§ WHAT IS EXPECTED:
Use the entries below and reproduce exactly the lines from the one containing "2024 Land Rover Range Rover Sport SE" down to the one containing "En la imagen", both of them included.
** Opening ENTRIES SUPPLIED block **
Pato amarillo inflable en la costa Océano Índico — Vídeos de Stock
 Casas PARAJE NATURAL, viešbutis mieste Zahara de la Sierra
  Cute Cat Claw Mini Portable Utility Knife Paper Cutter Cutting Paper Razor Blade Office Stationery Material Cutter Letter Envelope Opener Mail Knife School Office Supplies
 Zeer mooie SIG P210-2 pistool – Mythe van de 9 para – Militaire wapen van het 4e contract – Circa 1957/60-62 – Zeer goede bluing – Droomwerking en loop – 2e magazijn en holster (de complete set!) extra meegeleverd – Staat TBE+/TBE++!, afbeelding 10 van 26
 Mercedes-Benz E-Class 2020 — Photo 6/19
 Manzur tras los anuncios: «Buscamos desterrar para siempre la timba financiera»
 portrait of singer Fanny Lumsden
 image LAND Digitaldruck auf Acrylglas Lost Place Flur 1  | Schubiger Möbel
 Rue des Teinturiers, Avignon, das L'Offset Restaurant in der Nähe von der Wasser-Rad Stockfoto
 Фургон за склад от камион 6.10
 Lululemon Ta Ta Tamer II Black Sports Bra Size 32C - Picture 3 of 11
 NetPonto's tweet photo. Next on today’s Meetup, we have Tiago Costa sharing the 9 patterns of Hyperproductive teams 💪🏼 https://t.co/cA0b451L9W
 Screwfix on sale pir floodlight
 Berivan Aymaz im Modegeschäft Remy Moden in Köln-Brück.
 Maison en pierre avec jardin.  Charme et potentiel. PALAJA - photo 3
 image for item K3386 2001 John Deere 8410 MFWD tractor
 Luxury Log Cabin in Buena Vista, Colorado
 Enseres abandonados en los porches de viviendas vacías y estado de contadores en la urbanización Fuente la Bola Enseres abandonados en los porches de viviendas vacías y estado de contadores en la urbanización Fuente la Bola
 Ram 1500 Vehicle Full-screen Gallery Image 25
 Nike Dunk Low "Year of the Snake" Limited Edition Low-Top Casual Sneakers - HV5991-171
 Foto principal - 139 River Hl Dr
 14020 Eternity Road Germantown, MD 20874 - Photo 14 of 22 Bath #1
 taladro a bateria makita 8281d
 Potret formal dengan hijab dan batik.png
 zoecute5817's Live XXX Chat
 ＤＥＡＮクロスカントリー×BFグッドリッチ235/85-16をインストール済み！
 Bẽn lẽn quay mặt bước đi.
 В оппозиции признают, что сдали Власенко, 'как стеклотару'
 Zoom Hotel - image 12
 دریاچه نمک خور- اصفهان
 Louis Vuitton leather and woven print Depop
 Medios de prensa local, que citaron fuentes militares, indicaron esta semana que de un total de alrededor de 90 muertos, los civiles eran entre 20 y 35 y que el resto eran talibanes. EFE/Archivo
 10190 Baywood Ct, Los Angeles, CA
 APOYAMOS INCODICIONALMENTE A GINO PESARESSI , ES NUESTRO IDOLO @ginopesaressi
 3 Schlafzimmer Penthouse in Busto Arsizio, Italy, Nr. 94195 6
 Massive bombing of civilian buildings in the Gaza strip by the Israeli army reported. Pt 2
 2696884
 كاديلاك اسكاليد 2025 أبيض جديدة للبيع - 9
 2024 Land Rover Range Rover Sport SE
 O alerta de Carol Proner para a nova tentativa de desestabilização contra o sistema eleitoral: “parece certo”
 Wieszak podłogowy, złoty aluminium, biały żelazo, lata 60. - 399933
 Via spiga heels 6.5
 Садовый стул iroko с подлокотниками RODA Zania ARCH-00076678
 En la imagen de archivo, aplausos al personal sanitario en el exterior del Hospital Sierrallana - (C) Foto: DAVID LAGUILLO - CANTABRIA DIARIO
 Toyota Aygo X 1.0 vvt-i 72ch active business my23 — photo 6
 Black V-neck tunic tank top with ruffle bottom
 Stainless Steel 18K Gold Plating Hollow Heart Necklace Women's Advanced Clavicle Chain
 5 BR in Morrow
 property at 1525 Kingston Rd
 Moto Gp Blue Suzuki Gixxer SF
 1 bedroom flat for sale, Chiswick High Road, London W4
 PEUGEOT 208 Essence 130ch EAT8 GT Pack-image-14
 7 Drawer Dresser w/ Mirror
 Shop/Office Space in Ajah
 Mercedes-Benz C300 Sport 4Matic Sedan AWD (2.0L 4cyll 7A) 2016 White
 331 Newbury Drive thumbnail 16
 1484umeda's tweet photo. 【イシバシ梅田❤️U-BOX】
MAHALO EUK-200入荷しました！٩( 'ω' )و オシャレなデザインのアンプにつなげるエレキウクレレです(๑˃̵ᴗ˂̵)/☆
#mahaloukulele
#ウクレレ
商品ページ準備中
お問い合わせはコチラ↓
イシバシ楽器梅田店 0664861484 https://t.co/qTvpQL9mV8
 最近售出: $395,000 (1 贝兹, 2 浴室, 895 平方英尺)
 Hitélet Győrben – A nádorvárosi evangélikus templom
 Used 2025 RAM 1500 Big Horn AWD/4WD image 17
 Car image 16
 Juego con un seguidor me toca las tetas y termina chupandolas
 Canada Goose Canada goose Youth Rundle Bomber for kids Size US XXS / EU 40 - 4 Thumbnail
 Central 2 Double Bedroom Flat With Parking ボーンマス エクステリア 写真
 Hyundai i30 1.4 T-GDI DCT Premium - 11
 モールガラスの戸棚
** Closing ENTRIES SUPPLIED block **
§ WRITTEN RESPONSE:
 2024 Land Rover Range Rover Sport SE
 O alerta de Carol Proner para a nova tentativa de desestabilização contra o sistema eleitoral: “parece certo”
 Wieszak podłogowy, złoty aluminium, biały żelazo, lata 60. - 399933
 Via spiga heels 6.5
 Садовый стул iroko с подлокотниками RODA Zania ARCH-00076678
 En la imagen de archivo, aplausos al personal sanitario en el exterior del Hospital Sierrallana - (C) Foto: DAVID LAGUILLO - CANTABRIA DIARIO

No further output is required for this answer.